Parfois prononcées à la légère et oubliées sitôt dites, les paroles s’envolent sans qu’on en mesure les conséquences. Même s’il n’est pas toujours facile de tenir sa langue, plusieurs solutions existent, et en premier lieu la prière. Nous avons tous été marqués, en bien ou en mal, par des propos qui nous ont été adressés : encouragements ou reproches, mots d’amour ou de colère, compliments ou médisances. Des années plus tard, nous nous rappelons encore certaines paroles qui ont eu sur nous une influence déterminante… alors même que ceux qui les ont dites n’en ont pas gardé le souvenir. Parfois, il suffit d’une remarque bienveillante pour changer le regard que nous portons sur un proche. À l’inverse, deux ou trois phrases suffisent à détruire une réputation, comme autant de banderilles placées avec habileté.
« Tous, en effet, nous commettons des écarts, et souvent. Si quelqu’un ne commet pas d’écart quand il parle, c’est un homme parfait, capable de maîtriser son corps tout entier. En mettant un frein dans la bouche des chevaux pour qu’ils nous obéissent, nous dirigeons leur corps tout entier. Voyez aussi les navires : quelles que soient leur taille et la force des vents qui les poussent, ils sont dirigés par un tout petit gouvernail au gré de l’impulsion donnée par le pilote. De même, notre langue est une petite partie de notre corps et elle peut se vanter de faire de grandes choses » (Jc 3, 2-5).

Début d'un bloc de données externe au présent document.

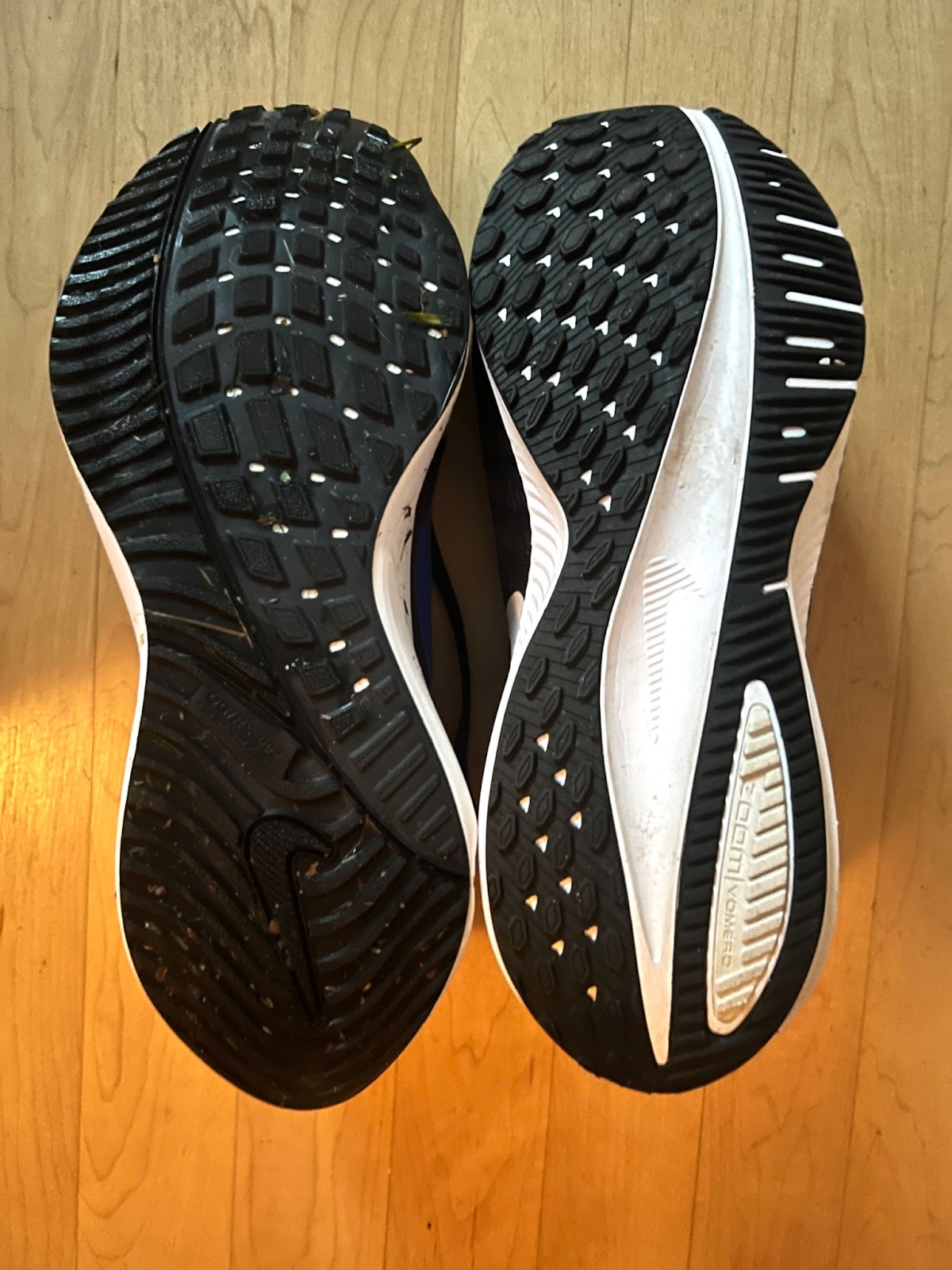 Road Trail Run: Nike Zoom Vomero 16 Multi Tester Review: Returning to ...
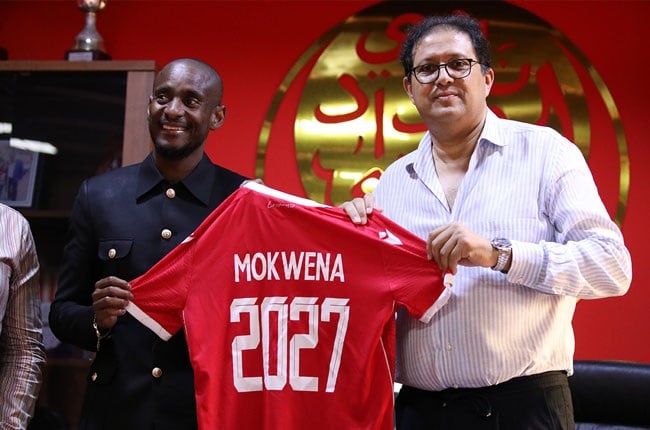Sport | Mokwena ready to 'wake up a sleeping giant' as he makes Wydad and Casablanca his new home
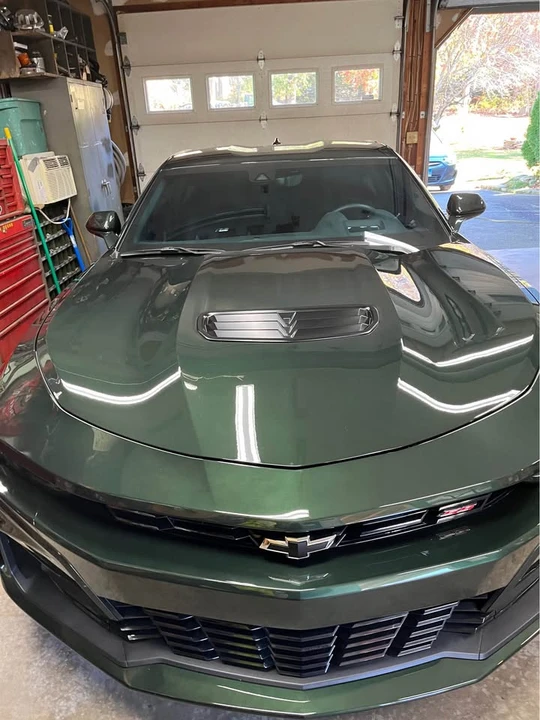 2020 Chevrolet Camaro SS 6th Gen - Image 6 of 8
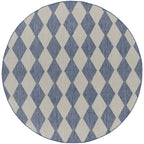 Nourison Positano Indoor/Outdoor Geometric Area Rug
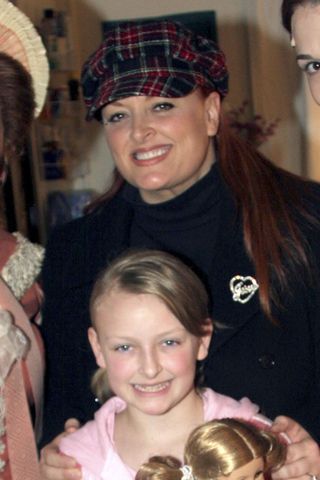 Wynonna Judd's Daughter Grace Says Singer 'Has Done Some Messed Up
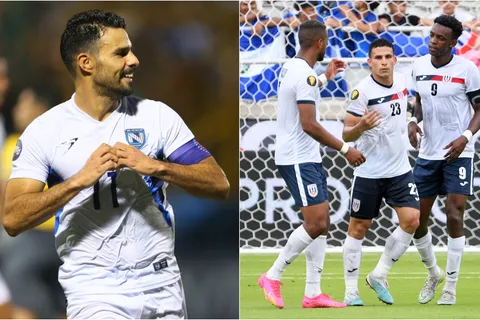 Nicaragua vs. Cuba: a qué hora y dónde ver hoy el partido por la Liga de Naciones de Concacaf 2024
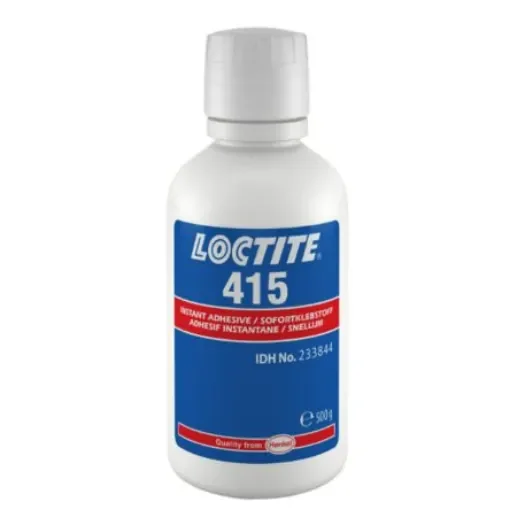 Loctite Loctite 415 Adhesive - LOCTITE 415 BO500G product image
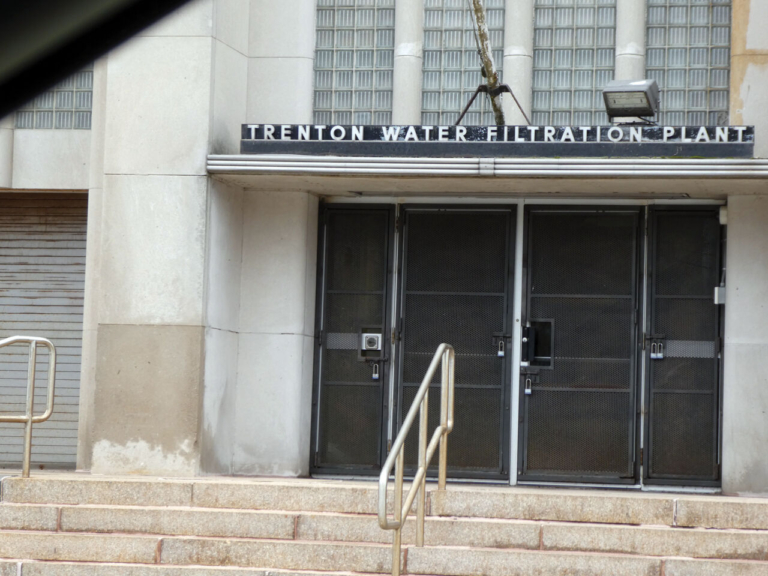 Trenton Water Works to hold April 3 public forum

Une parole dite ne se reprend pas
Comme pour tous les dons de Dieu, nous pouvons user de notre langue pour le meilleur ou pour le pire ! Mais le pire ne doit pas nous faire oublier le meilleur : la peur de commettre des « écarts de paroles » ne doit pas nous plonger dans le mutisme. Si nos paroles peuvent faire du mal, elles peuvent aussi bénir, consoler, encourager, réjouir : à nous de bien diriger le « petit gouvernail » qu’est notre langue. Pour cela, évitons de parler sans réfléchir ou sous le coup de la colère.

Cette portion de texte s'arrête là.